Des yeux rouges apparurent derrière l'ombre de son capuchon. La lueur qui y régnait inspirait un grand respect. Alors, les deux frères s'élevèrent dans les airs, apeurés. Ils commencèrent à hurler tandis que leur corps se désagrégeait en partant de leurs pieds, sous les cris terrifiés de leur famille. La mère s’empressa de couvrir les yeux de sa plus jeune fille, lui cachant l’horrible sort de ses frères. Le bruit qu’on entendait qui s’élevait de là où ils se désintégraient était semblable à celui du feu. Et rapidement, le souffle du vent éparpilla la poudre blanche qu'ils étaient devenus, la vie leur ayant été enlevée. Sous un accès de rage, le père frappa entre les côtes le garde qui le retenait. Celui-ci s'écroula sur son cheval, le souffle coupé. L'homme à sa droite dégaina lentement sa lame, sous le regard effrayé du prisonnier.

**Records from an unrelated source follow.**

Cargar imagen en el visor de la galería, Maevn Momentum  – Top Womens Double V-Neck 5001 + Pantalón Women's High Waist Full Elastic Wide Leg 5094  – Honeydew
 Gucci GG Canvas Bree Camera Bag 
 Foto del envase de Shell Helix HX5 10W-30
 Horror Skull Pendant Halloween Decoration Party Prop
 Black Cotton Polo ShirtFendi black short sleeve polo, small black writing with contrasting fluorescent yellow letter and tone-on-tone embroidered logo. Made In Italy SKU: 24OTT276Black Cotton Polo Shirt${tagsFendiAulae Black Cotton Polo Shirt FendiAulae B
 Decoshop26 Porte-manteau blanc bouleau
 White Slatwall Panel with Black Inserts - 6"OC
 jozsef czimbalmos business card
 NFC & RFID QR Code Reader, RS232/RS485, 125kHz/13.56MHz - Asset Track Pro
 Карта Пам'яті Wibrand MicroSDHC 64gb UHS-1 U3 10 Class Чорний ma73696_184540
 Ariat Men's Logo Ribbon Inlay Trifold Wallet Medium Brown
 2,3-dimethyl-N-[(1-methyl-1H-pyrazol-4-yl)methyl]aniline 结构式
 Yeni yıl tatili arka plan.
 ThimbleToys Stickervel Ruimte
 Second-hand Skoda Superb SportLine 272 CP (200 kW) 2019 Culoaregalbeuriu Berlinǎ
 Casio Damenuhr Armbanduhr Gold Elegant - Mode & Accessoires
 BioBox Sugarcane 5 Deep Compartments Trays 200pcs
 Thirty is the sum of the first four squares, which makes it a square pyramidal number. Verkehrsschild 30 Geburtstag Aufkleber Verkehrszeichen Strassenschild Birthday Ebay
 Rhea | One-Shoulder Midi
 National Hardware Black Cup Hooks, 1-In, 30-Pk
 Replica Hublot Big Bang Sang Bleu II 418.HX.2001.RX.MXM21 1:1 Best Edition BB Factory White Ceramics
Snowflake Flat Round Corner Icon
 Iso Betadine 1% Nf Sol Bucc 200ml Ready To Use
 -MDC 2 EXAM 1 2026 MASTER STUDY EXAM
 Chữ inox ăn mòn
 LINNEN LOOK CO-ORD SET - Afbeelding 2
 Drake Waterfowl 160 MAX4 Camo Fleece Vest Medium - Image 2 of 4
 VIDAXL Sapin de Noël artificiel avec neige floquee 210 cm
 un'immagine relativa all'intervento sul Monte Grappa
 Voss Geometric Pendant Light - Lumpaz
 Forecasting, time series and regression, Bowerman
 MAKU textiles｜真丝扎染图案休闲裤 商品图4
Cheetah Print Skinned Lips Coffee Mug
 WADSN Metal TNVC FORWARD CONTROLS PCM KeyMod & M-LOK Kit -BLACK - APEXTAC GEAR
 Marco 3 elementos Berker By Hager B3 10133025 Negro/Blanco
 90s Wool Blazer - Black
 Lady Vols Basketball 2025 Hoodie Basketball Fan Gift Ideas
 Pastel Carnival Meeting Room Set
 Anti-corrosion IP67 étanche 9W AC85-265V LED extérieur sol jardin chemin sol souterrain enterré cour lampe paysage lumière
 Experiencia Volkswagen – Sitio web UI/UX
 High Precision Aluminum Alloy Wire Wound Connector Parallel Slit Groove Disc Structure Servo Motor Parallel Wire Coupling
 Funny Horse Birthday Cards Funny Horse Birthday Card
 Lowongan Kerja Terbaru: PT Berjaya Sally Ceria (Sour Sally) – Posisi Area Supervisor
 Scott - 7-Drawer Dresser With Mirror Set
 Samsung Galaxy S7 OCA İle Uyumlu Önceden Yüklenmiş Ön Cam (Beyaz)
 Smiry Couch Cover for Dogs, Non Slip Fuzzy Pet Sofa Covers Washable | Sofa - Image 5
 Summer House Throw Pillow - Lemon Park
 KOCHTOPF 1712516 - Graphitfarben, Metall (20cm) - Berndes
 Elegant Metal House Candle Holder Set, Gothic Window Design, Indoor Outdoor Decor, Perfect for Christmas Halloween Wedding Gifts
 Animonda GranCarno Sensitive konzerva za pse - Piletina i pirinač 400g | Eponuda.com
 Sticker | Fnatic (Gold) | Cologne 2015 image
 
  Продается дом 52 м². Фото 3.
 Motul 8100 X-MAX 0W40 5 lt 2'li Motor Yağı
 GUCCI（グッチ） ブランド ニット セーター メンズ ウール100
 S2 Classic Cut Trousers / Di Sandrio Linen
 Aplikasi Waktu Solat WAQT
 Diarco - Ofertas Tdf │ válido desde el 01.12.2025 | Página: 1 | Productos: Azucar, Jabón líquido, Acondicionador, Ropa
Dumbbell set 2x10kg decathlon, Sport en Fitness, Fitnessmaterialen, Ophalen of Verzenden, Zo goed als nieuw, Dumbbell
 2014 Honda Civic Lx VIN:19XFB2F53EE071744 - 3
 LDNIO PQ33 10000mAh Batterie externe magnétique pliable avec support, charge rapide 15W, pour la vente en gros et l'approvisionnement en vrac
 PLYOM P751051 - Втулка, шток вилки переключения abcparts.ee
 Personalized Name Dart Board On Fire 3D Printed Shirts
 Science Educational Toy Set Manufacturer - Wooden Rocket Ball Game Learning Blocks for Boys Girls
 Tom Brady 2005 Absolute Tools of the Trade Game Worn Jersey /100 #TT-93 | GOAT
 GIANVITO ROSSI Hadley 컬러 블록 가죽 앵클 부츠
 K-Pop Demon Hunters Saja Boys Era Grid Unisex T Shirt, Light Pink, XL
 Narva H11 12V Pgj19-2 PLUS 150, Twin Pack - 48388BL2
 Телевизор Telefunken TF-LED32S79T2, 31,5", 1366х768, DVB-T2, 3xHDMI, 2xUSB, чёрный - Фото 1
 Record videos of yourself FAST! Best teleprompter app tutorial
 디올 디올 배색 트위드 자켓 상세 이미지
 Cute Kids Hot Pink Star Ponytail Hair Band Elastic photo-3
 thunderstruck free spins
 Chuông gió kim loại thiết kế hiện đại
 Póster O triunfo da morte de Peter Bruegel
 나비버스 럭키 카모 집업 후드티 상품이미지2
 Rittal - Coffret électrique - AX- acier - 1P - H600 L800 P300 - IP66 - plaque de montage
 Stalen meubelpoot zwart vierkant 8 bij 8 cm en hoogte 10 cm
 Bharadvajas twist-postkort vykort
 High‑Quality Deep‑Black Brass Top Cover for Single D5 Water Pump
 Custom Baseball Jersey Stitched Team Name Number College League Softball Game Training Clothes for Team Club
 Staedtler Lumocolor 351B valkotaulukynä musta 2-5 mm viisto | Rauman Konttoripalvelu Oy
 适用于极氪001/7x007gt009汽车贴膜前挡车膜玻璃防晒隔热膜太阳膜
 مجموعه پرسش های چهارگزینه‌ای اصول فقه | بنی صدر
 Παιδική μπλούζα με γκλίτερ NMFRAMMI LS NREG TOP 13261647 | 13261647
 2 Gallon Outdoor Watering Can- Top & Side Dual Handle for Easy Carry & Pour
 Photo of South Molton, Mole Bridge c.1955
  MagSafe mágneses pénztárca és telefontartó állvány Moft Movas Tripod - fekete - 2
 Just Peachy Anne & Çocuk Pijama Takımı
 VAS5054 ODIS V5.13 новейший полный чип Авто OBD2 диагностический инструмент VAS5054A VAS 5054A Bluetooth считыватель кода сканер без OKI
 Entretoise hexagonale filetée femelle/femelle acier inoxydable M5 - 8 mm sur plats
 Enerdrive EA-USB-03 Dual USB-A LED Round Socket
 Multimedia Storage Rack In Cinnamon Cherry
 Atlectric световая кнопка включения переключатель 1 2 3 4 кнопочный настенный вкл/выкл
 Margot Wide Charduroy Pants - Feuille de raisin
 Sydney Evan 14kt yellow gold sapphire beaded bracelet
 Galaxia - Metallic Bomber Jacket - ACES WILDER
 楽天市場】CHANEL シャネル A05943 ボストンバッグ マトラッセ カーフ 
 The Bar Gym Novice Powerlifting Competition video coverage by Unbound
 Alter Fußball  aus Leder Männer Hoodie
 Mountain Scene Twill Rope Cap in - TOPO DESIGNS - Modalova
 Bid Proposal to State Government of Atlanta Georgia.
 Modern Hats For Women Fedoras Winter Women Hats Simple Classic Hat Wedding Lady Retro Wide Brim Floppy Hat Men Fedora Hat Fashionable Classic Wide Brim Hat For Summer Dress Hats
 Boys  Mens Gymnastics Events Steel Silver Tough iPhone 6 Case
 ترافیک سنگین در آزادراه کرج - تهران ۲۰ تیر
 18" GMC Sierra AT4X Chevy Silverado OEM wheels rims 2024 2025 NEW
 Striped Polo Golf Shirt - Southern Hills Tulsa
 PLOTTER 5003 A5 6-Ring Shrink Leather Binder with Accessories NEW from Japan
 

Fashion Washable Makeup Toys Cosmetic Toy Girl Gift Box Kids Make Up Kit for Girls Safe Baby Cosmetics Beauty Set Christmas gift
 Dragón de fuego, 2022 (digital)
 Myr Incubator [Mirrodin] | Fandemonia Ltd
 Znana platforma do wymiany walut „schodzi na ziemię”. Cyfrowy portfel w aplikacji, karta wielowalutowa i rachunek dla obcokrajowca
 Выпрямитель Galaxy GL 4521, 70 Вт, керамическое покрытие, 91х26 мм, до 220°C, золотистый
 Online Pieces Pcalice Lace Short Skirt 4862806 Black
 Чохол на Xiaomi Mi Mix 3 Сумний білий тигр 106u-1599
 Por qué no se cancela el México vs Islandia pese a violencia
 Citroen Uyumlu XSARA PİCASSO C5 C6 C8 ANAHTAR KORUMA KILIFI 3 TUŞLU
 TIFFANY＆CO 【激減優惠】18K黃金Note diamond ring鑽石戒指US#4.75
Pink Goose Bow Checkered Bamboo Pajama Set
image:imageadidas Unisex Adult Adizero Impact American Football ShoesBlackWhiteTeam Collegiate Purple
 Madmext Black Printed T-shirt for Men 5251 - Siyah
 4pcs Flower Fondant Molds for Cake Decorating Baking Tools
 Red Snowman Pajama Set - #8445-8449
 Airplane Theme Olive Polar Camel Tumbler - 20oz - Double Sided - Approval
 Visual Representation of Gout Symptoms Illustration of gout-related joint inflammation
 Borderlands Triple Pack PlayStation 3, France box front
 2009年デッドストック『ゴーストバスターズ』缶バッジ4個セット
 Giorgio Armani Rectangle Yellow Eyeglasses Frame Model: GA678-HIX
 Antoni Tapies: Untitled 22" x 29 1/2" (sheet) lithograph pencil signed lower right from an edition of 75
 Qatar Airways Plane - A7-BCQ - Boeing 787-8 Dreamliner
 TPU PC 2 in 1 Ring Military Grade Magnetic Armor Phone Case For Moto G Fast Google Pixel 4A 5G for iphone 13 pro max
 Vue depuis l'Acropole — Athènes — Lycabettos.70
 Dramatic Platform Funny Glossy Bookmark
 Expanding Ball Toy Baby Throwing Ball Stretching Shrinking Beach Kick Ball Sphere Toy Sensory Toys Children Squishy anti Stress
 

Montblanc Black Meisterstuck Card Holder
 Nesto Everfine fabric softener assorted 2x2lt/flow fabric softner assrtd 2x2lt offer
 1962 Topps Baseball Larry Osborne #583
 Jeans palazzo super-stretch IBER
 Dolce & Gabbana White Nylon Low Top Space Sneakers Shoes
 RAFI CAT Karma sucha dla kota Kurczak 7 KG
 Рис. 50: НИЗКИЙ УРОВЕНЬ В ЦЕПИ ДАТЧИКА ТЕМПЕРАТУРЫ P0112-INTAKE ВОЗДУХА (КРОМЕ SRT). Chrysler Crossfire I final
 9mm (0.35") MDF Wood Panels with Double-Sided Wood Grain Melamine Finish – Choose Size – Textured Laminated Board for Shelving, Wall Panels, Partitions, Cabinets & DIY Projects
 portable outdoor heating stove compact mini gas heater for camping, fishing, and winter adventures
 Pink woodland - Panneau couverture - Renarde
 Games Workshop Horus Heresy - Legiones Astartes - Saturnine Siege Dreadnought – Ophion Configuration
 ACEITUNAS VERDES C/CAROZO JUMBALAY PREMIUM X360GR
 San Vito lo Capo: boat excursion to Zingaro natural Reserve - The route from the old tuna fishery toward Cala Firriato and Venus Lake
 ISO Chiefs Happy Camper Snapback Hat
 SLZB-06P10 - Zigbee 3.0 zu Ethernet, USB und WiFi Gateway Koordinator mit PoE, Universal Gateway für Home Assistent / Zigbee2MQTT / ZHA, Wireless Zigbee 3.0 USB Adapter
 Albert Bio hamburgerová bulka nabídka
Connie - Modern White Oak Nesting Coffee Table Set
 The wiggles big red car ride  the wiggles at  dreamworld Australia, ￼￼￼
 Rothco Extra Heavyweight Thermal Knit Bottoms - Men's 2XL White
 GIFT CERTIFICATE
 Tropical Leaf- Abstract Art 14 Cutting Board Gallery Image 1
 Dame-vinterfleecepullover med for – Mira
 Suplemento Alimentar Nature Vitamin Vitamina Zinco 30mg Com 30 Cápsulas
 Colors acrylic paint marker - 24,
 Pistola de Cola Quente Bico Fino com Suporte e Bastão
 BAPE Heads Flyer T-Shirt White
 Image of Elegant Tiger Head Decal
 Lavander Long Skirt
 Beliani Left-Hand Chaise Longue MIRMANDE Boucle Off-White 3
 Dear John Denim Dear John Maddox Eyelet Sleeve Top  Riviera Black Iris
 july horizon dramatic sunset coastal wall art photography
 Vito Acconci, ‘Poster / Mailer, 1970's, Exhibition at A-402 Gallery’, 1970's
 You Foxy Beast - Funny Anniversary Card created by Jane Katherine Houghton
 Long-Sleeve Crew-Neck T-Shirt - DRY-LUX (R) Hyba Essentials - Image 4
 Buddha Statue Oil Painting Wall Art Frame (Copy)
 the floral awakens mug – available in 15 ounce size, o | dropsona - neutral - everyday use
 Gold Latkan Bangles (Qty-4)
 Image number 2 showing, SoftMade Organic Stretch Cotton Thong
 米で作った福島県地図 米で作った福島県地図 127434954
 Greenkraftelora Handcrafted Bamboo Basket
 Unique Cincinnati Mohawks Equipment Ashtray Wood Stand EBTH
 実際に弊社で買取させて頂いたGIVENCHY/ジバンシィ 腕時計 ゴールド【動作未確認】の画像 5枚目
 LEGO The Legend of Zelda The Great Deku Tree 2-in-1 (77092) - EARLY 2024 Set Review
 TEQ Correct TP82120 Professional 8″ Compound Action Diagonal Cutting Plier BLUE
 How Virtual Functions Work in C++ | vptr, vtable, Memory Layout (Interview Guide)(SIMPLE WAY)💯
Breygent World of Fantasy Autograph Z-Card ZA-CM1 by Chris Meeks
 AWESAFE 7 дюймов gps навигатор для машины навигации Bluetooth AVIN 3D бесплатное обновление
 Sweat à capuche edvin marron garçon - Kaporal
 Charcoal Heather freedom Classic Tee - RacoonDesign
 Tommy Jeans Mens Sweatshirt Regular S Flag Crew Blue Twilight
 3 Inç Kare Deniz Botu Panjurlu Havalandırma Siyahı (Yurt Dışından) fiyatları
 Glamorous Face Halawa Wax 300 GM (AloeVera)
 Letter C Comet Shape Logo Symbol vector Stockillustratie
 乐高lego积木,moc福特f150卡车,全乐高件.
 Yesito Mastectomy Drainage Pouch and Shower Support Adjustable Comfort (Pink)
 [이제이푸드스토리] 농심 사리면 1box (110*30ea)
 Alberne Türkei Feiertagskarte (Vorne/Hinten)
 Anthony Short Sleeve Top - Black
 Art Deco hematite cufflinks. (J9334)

Le geste fluide qui en résultat le coupa en deux, aussi facilement qu'une feuille de papier. La cadette sentit des larmes chaudes couler sur ses joues en entendant cet affreux déchirement, tandis que les deux parties de son défunt père s'écroulaient de part et d'autre du cheval. Elle devinait qu’elle avait déjà perdu les trois seuls hommes qu’elle avait jamais connus. La Pierre Noire dans sa poche s'illumina dès lors, somptueuse. L'air autour d'eux devint lourd, une puissance incomparable semblant tout anéantir. Tous les yeux se tournèrent vers elle alors que la jeune fille, étonnée, la ressortit de son habit blanc. Sa mère recula de trois pas, effrayée. La lumière noire éblouissante annonçait un mauvais présage, tel le corbeau de mauvais augure. Le gradé ne bougeait pas, tandis que ses subordonnés commençaient à paniquer, se demandant comment cette chose pouvait être en train de recoller les deux parties du père.

« La Pierre Noire, dit-il d’une voix pleine d’espoir. »

Sans l'ombre d'une hésitation, il donna l'ordre du repli, sans explication. La mère courut auprès de son mari, qui reprenait rapidement vie. Le Joyau s'était éteint sans demander son reste, et la cadette le garda pour elle, heureuse de sa trouvaille qui les avait tous sauvés d'une mort certaine. La nourriture n'avait pas été prise, ils allaient pouvoir en vendre et jouir d'une saison qu'ils vivraient enfin dans la richesse, toutefois sans bonheur. Une violente dispute eut lieu la veille même, entre la femme et le mari. La fillette n’en entendait que des bribes, cloîtrée dans sa chambre, mais visiblement, tout avait à voir avec ses frères. Elle n’avait jamais été très proche d’eux, mais pleura toutefois à chaudes larmes une bonne partie de la nuit, avant de s’engouffrer dans un sommeil sans rêves.